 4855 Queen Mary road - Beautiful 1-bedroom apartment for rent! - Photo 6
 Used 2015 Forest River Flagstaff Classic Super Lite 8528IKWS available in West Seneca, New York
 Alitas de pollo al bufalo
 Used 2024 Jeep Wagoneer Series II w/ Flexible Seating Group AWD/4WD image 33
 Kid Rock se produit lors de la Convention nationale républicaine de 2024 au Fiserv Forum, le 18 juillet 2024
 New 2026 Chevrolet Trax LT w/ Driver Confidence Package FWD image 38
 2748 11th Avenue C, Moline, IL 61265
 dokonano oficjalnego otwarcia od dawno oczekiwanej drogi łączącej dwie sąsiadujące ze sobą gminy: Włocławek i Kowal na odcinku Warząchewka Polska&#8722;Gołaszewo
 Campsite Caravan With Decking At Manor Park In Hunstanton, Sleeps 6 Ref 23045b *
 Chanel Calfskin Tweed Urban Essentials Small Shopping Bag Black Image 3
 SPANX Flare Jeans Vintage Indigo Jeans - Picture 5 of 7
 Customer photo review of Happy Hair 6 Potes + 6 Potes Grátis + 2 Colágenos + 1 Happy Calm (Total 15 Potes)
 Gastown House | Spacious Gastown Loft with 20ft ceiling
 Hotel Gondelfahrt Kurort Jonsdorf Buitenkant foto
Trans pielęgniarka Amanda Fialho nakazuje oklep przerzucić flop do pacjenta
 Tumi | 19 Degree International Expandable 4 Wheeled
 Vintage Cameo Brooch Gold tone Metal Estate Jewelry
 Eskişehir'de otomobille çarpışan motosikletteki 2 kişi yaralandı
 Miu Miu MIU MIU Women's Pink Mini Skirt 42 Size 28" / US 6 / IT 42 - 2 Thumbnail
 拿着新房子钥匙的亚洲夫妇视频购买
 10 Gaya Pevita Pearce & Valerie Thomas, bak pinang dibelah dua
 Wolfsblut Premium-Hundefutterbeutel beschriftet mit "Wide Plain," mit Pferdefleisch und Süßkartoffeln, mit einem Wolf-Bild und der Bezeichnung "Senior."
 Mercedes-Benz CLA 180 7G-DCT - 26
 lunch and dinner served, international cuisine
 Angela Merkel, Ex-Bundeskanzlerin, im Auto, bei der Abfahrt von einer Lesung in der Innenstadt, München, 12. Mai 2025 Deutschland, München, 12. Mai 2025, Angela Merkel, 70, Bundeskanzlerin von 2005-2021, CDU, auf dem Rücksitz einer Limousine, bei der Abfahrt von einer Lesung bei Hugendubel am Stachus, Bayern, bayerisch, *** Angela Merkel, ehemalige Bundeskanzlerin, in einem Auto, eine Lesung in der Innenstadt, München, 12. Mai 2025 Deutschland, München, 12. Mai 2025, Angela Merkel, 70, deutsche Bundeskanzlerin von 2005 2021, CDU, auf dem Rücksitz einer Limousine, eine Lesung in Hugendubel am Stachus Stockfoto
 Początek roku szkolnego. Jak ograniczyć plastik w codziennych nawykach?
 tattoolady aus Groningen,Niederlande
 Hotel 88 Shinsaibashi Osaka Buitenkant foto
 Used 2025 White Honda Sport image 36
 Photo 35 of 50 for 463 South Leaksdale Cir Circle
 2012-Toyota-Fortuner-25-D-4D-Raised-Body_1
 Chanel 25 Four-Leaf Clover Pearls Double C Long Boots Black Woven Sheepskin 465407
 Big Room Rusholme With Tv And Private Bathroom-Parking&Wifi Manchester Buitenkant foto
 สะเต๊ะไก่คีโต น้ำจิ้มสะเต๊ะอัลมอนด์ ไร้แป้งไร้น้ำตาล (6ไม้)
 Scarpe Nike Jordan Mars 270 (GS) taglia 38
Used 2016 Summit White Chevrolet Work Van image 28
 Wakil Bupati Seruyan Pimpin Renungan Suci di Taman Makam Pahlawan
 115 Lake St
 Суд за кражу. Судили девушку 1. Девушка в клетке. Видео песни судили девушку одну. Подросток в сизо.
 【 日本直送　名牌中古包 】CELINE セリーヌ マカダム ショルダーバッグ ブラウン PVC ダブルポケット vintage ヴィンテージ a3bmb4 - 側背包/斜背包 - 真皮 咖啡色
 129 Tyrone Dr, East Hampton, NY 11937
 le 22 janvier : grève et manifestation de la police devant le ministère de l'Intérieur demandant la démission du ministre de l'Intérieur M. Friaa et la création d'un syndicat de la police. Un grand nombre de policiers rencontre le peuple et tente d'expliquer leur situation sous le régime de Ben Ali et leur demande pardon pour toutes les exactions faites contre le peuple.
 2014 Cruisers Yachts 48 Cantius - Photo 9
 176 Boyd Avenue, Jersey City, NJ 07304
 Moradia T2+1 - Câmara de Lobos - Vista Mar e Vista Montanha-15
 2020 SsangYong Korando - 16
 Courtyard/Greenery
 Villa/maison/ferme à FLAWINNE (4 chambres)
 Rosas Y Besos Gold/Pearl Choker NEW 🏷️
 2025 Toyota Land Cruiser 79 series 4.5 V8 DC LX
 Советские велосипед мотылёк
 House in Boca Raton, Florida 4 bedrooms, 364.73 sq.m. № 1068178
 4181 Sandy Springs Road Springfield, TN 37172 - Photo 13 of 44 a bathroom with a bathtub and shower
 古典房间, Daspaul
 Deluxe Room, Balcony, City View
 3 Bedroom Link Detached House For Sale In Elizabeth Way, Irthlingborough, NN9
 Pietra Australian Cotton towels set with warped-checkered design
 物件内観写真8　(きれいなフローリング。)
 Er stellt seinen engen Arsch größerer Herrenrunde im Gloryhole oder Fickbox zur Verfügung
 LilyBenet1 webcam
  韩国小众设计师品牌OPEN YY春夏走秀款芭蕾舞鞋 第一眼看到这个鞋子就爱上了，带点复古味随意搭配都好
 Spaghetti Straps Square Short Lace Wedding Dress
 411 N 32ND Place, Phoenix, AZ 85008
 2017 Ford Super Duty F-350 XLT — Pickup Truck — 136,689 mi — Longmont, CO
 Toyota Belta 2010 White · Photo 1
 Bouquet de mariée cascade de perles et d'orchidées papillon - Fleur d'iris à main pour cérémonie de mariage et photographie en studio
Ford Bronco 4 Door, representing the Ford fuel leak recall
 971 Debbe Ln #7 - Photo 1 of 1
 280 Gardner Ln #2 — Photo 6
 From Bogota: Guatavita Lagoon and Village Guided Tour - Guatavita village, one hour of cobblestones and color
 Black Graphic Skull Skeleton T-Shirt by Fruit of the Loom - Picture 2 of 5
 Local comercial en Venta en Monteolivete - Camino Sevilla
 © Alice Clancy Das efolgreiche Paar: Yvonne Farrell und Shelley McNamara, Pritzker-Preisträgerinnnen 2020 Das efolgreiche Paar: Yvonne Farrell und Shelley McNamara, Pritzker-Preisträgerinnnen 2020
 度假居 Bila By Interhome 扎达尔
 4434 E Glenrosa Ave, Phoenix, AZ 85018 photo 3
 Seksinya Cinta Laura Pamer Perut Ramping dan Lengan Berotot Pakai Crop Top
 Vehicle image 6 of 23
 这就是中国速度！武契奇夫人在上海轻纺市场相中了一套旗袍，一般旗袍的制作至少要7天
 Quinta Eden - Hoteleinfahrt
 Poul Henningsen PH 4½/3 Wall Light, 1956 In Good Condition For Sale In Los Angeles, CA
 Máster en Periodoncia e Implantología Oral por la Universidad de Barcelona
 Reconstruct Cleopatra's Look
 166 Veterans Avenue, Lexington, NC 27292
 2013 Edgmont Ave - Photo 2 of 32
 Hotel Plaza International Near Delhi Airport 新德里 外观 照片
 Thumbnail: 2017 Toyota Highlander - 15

--

## [YOUR OBJECTIVE]
Print the line with "Quinta Eden - Hoteleinfahrt" and every line after it in the entries above, exactly as written. Leave out all other lines.

## [ANSWER TO THE EXERCISE]
 Quinta Eden - Hoteleinfahrt
 Poul Henningsen PH 4½/3 Wall Light, 1956 In Good Condition For Sale In Los Angeles, CA
 Máster en Periodoncia e Implantología Oral por la Universidad de Barcelona
 Reconstruct Cleopatra's Look
 166 Veterans Avenue, Lexington, NC 27292
 2013 Edgmont Ave - Photo 2 of 32
 Hotel Plaza International Near Delhi Airport 新德里 外观 照片
 Thumbnail: 2017 Toyota Highlander - 15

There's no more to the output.